I thought I would list out the books I read this year and comment on each of them. I am writing this intro after the fact and realizing that perhaps I should keep a reading journal because I’ll read a book and forget what I read. Absent from this list are 6 daily meditation books, and no I don’t read all 6 every day. Just 4 of them.

1. The Big Book of Alcoholics Anonymous

Since I’ve already outed myself as an alcoholic… Funny story, though. This past Sunday after church, I was having a problem unlocking all the doors of the car and so the hubby spent a few seconds waiting on me. He noticed my big book laying in the back seat for everyone to see and said, “Well, that’s bold.” And it’s still laying there in my back seat for the world to see.

2. Twelve Steps and Twelve Traditions

I read through it, and then when I actually started working the steps, I went through the twelve steps portion again.

3. Jesus + Nothing = Everything

I think it was Chapter 11 that really clicked for me.

4. Trusting God: Even When Life Hurts

I had some serious trust issues.

5. Running Scared: Fear, Worry, and the God of Rest

I don’t remember much, but I remember ordering a copy for Petra. I also remember it stepping on my toes over something.

6. A Place of Healing: Wrestling with the Mysteries of Suffering, Pain, and God’s Sovereignty

I read Joni’s autobiography when I was a kid probably 12. This one made no less of an impact.

7. The Pastor’s Kid: Finding Your Own Faith and Identity

This explained so much about part of why I am the way I am. Because really, there isn’t much difference between a pastor’s kid and a deacon’s kid.

8. Glorious Ruin: How Suffering Sets You Free

This really spoke to me about my idols and addiction.

9. Drop The Rock: Removing Character Defects – Steps Six and Seven

This book was a gift to me. A wonderful gift.

10. The Hunter’s Blades Collector’s Edition

I finally finished the 3rd book. It left me hanging.

11. Codependent No More: How to Stop Controlling Others and Start Caring for Yourself

I had read this several years ago, but I don’t think it sunk in the first time. It was as if I had never read it, but it might be that I was just reading with different eyes this time having actually been in 12 step recovery. Unlike the first time.

12. Orange Is the New Black

So Petra added me to a book club that she and Andrea created on Facebook. This was the second book. I didn’t even attempt the first one as I had zero interest. But, this was pretty good.

13. Adult Children of Alcoholics: Expanded Edition

Either late last year or early this year I got a meditation book at Al-Anon that is really geared more toward adult children of alcoholics. As I read the daily meditations, I thought, “My dad acted just like an alcoholic.” Only he didn’t drink. He tried when he was young, but he said it didn’t do for him what he wanted it to. Anyway, I have all the characteristics of an adult child because my home growing up was every bit as dysfunctional as if there was an active alcoholic in it.

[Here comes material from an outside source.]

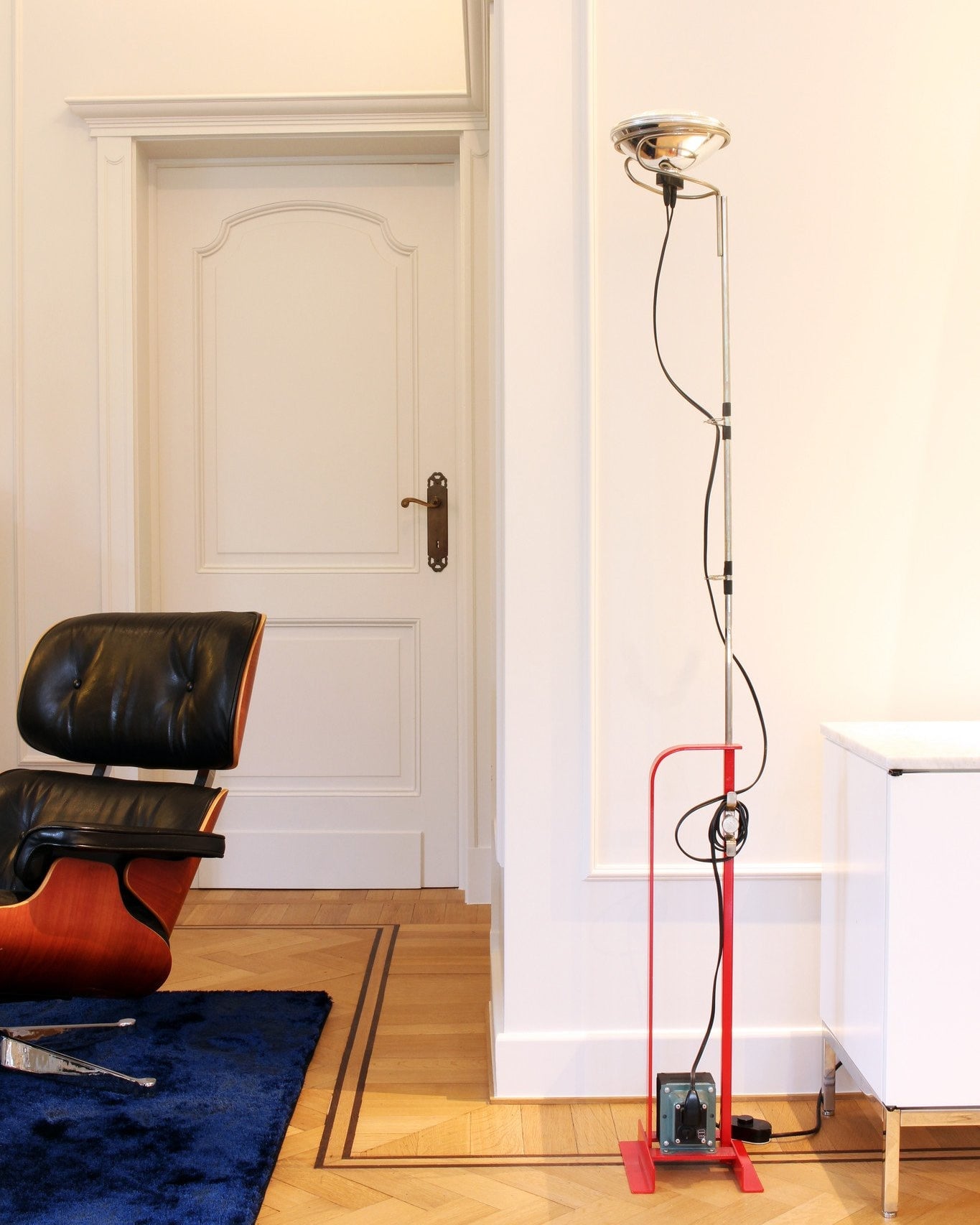 Toio Floor Lamp - Lumpaz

14. Shame Interrupted: How God Lifts the Pain of Worthlessness and Rejection

I just finished this last night, and I read 3 books between starting and finishing this.

I have no reading goals for next year, though I would like to finally finish the ones I have started. We’ll see.

Happy 2014

I for one am glad 2013 is over. On the other hand, 2014 might not be better as I may or may not have a job come March when the contract ends. But, contracts come, and contracts go, and it’s not like I haven’t been through a contract end before. It is completely out of my hands, and far above my pay grade. Ok, not that far, but I’m not involved so it’s far enough. 😉

The year ended pretty craptastically. I won’t go into details, but suffice to say, I made my first ever Al-Anon call last night. I don’t make phone calls either. But as I was soaking in epsom salts last night (and finally getting warm), I started reading my Al-Anon literature because I hadn’t in a month and a half. And I kept hearing, “Read your literature. Keep coming back.” Being New Year’s Eve, I wasn’t sure if they would have a normal meeting last night, so I called someone from the group to find out. They were having a New Year’s Eve party with the AA group, and I opted not to go for that since it had started half an hour before I made the call. But, hey. I called someone.

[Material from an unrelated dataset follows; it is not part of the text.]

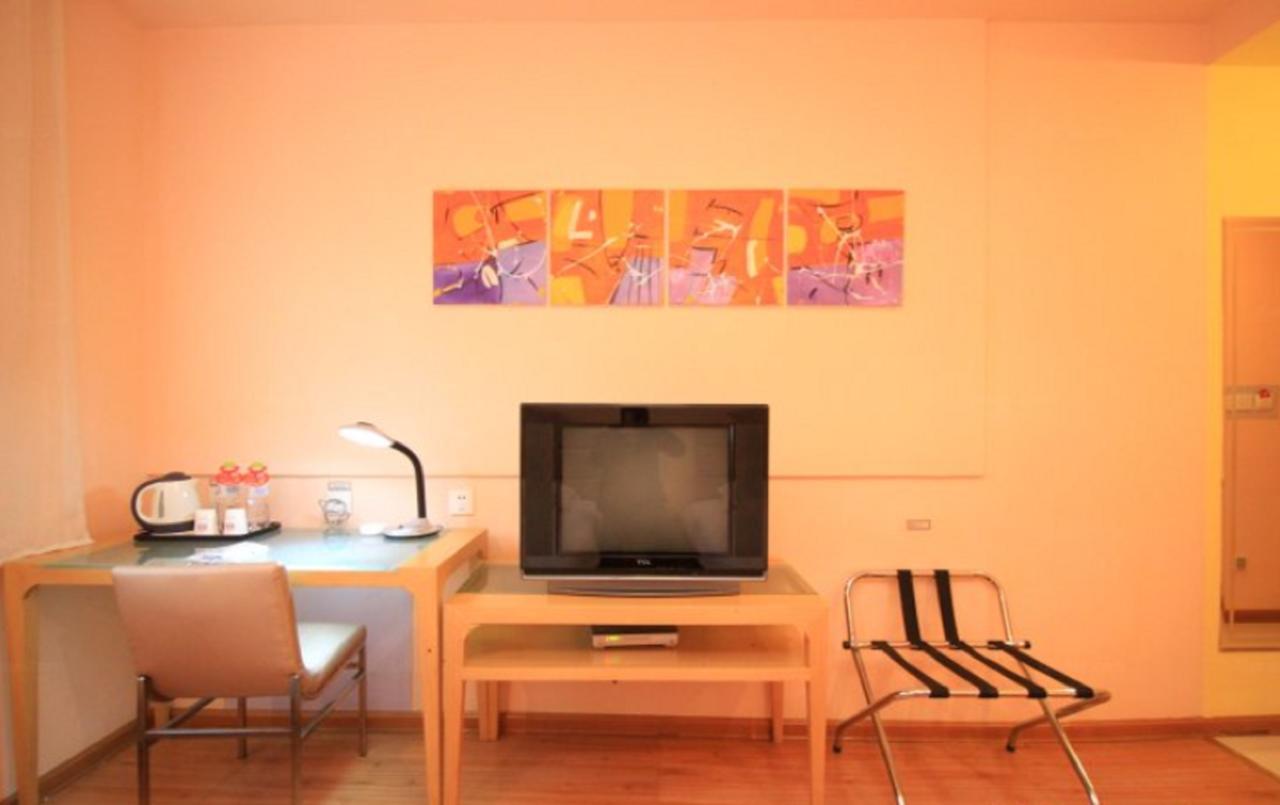 Graceinn Yantai Huanshan Road Branch Kültér fotó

As I lay on the bed reading and petting Tiger (because he forces you to pet him), I decided to start thinking about how I had felt the last 2 or 3 weeks. I started feeling like I had gotten it. The peace I was desperate for. Then reality hit again. So I spent much of New Year’s Eve reading my Al-Anon literature after making that phone call. I didn’t find peace per se, but I did relax some. And I started thinking up some goals.

photo 1

1. Read my Al-Anon literature daily.

For reasons I already alluded to.

2. Get a sponsor in Al-Anon.

I’ve been using Petra for this. But, I’m side-stepping the program that way since she isn’t in Al-Anon.

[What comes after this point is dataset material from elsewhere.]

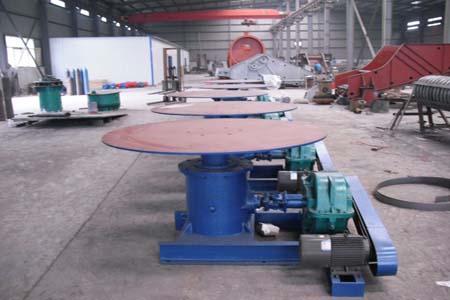 DK、DB、KR、KB圓盤給料機(jī)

3. Read through the Bible.

This is pretty much a standard goal, and I haven’t completed it the last 2 years. I finished the 2012 read through well into 2013, and it will still be a little while before I finish the 2013 read through. I pick a different translation each year. Last year was the ESV, and this year will be the NRSV with Apocrypha. I’ve never read the Apocrypha growing up Baptist.

4. Run 14 races.

First race Saturday.

5. Finish Jamie’s scarf.

Surely I can do this in a year. 😉

6. Join a life group at church.

Because as much as I harp about accountability (at least in my head), I should have some within my church. 😉

7. Finish all the books I’ve started.

photo 2

That isn’t even all of them. There is one more hard copy book that Petra gave me to read, and there are at least 2 and maybe 3 Kindle/Nook books I have started and haven’t finished.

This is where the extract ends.